Your task —
Without the pictures, give the entries below again exactly as written.

(Short descriptive text snippets)
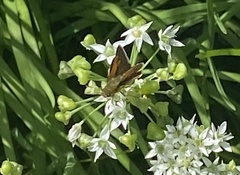 Polites themistocles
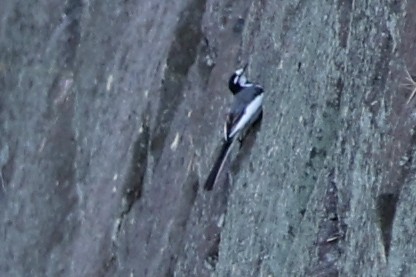 Japanese Wagtail - ML647312040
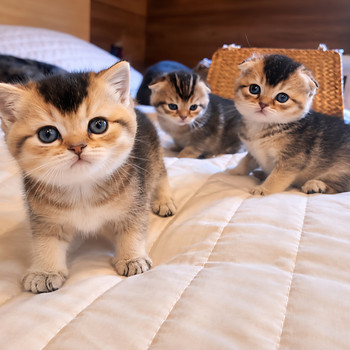 Scottish kittens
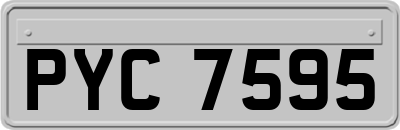 PYC7595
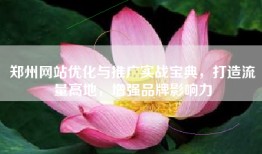 郑州网站优化与推广实战宝典，打造流量高地，增强品牌影响力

Exercise output —
 Polites themistocles
 Japanese Wagtail - ML647312040
 Scottish kittens
 PYC7595
 郑州网站优化与推广实战宝典，打造流量高地，增强品牌影响力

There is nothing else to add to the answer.